— Task to carry out —
Only the lines in the entries below from the line with "Le Marchand (Vieil" to the line with "Derimod Women's Silver", both included, belong in the answer, transcribed exactly and without pictures.

— The data —
- Opening Delimiter -

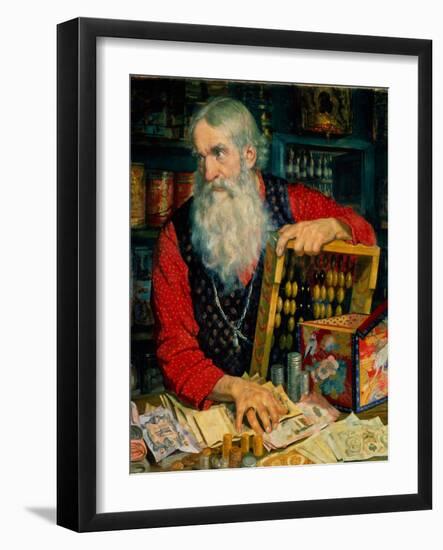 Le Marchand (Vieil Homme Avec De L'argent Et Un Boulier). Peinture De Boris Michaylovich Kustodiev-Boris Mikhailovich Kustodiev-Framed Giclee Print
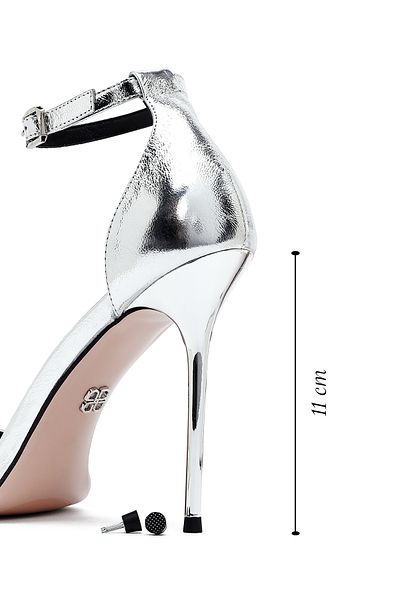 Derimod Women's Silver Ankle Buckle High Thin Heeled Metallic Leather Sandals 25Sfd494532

- Closing Delimiter -
- Opening Delimiter -

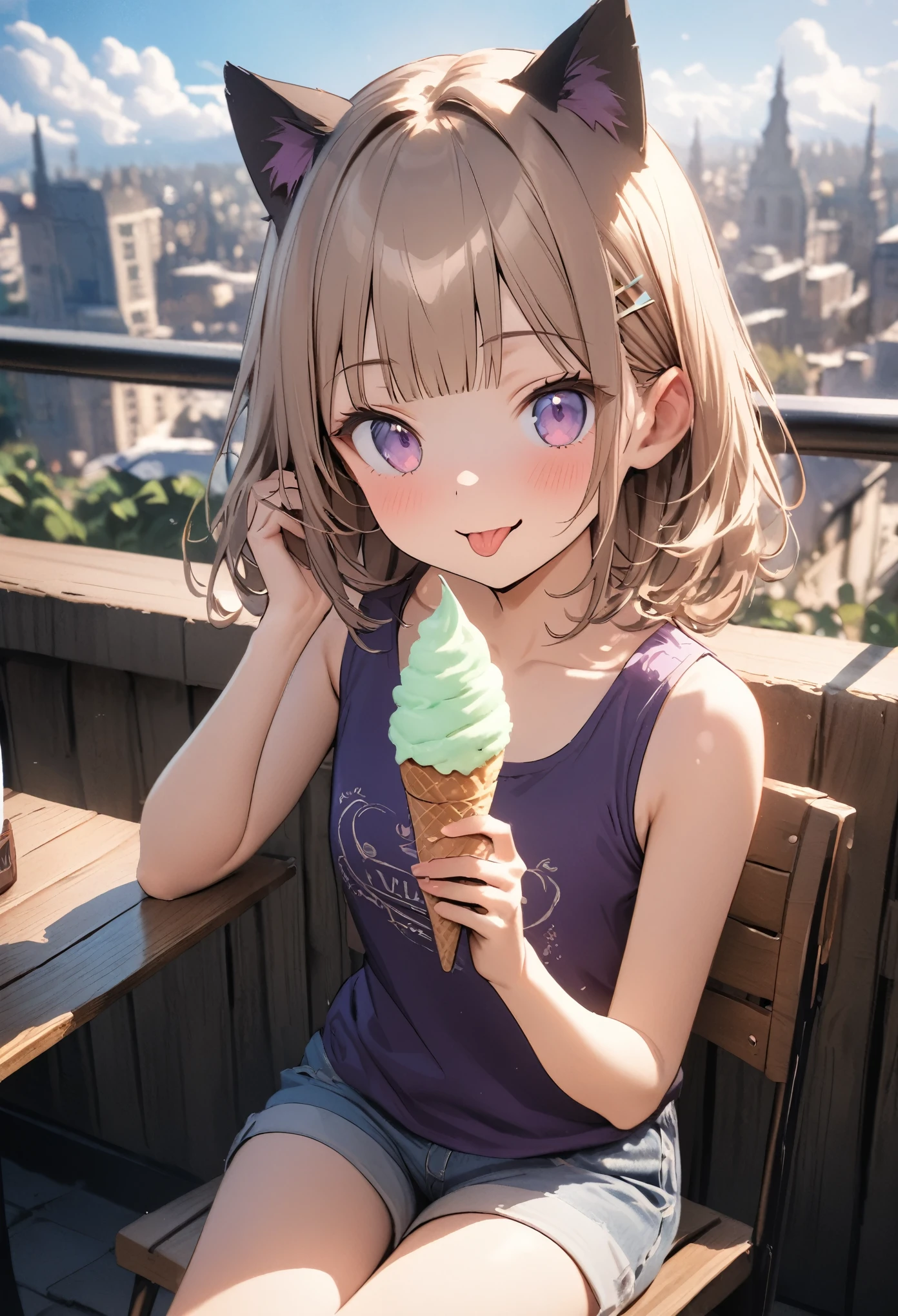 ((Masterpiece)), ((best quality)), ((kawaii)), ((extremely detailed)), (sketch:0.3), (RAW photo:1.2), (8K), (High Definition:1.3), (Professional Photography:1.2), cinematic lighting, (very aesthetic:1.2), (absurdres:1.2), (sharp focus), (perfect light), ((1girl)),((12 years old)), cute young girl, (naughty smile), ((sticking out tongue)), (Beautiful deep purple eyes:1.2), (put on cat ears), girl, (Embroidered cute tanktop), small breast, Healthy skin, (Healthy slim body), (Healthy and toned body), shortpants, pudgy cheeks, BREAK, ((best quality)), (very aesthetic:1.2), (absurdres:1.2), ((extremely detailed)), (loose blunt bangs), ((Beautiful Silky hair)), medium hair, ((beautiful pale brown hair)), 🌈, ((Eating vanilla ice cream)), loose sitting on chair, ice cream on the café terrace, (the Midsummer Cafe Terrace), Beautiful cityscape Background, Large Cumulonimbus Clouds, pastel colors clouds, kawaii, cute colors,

- Closing Delimiter -
- Opening Delimiter -

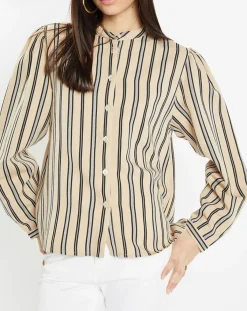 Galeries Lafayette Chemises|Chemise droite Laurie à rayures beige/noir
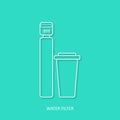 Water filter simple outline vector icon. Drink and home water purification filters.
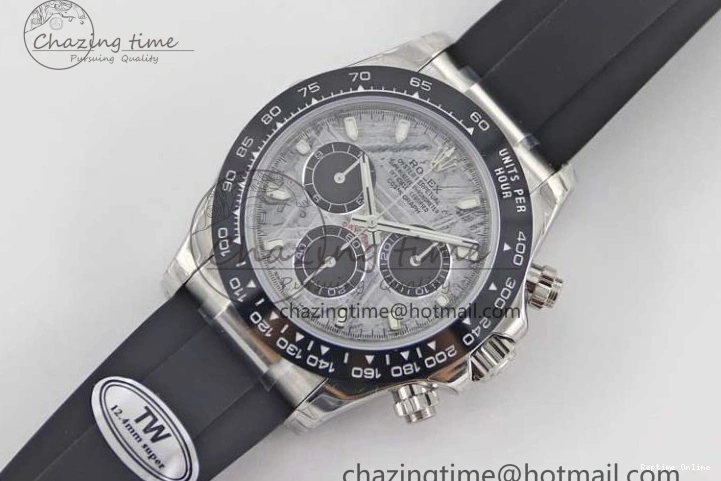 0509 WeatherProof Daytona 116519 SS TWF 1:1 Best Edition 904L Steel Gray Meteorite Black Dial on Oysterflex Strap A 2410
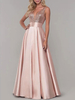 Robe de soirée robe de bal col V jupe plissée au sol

- Closing Delimiter -

— Solution to this exercise —
 Le Marchand (Vieil Homme Avec De L'argent Et Un Boulier). Peinture De Boris Michaylovich Kustodiev-Boris Mikhailovich Kustodiev-Framed Giclee Print
 Derimod Women's Silver Ankle Buckle High Thin Heeled Metallic Leather Sandals 25Sfd494532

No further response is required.